- Birth name: Ori Naftaly
- Born: 1987 (age 37–38) Israel
- Genres: blues, rock
- Instrument: guitar
- Years active: 2011–present
- Labels: Stax Records
- Website: www.facebook.com/pg/orinaftalymusicx

= Ori Naftaly =

Israeli musical artist

Ori Naftaly (אורי נפתלי; born 1987) is an Israeli-born guitarist, composer and music producer. After founding the Ori Naftaly Band in Israel, he moved to Memphis, Tennessee and established the Southern Avenue band.

==Biography==
Ori Naftaly grew up in the small town of Even Yehuda, east of Netanya. At the age of 5, Ori began taking music lessons and learned to play guitar. Until graduating from Hadassim High School at the age of 17, he studied guitar with different teachers from a wide range of music genres (Spanish, Classical, Jazz and Funk). After graduation he was accepted to Rimon School of Jazz and Contemporary Music where he enrolled in Arrangement and Composition studies. After two years at Rimon (and studying Classical Guitar with Israeli musician Shlomo Yidov), he recorded with musicians all over Israel while pursuing a day job as a Microsoft systems engineer.

==Music career==
In 2011, Naftaly recorded his debut album with the Ori Naftaly Band. A True Friend (Is Hard to Find), was picked as the Best Blues Album in 2012 by Jan Marius Franzen from bluesmagazine.nl and syndicated radio show "Purple Haze." In the German magazine Wasser Prawda the album was picked number two as Best Blues Debut and named Best Debut in Israel on 88FM by Tomer Molvidzon.

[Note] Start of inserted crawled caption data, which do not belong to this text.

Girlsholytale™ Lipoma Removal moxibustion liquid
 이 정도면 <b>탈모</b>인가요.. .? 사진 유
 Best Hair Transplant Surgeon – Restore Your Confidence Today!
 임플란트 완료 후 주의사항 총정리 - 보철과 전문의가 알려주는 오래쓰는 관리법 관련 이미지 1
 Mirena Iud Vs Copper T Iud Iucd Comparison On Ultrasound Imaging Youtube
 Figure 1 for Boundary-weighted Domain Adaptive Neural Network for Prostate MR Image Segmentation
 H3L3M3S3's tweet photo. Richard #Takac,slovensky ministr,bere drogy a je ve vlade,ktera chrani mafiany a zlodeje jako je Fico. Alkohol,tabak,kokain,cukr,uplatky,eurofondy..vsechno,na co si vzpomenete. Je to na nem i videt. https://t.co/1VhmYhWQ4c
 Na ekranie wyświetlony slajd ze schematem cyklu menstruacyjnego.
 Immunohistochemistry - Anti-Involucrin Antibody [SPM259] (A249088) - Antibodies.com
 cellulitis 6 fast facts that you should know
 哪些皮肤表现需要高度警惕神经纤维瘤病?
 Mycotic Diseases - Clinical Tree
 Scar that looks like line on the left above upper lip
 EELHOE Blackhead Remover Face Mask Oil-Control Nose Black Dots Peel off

In October 2012 he won the Israeli Blues Society competition, and the band was voted the Best Israeli Blues Band of 2013, earning them an invitation to the 29th International Blues Challenge in Memphis, Tennessee. The band made it to the semi-finals, selling the largest amount of CDs in the competition and becoming the first Israeli group to reach the semi-finals in this global event. Their second album, Happy For Good, was released in May 2013 (again, by Naftaly himself) and featured eight new original songs; Naftaly produced the album and composed most of the music. A month after its release, Happy For Good reached number 2 on the International Blues Radio Charts, and stayed in the Top 5 for eight weeks. After touring the US and Europe, Naftaly relocated to Memphis. Upon moving to the United States in October 2013, Naftaly enlisted a new core of Memphis musicians, and played over 200 shows in over 40 states.

In Memphis, he met Tierinii Jackson who began her career singing in church, before performing in a series of cover bands and theatrical projects. Tierinii's sister, a drummer and vocalist, joined the pair in September 2015 to form Southern Avenue. With Jeremy Powell on keys and Daniel McKee on bass, the band entered the International Blues Challenge in 2016 representing Memphis. Southern Avenue made the finals.

In the summer of 2016, Southern Avenue signed with Stax Records, part of the Concord Music Group. They recorded their debut album with producer Kevin Houston and it was released in February 2017. The album charted at number 1 on the iTunes Blues charts, reached number six6 on the Billboard Blues Chart and was in the Top 40 in Americana radio for three months. In 2019, they released Keep On, produced by Johnny Black.

Naftaly married Tierinii Jackson in 2019. Southern Avenue released their album Be the Love You Want in August 2021 and Family in 2025.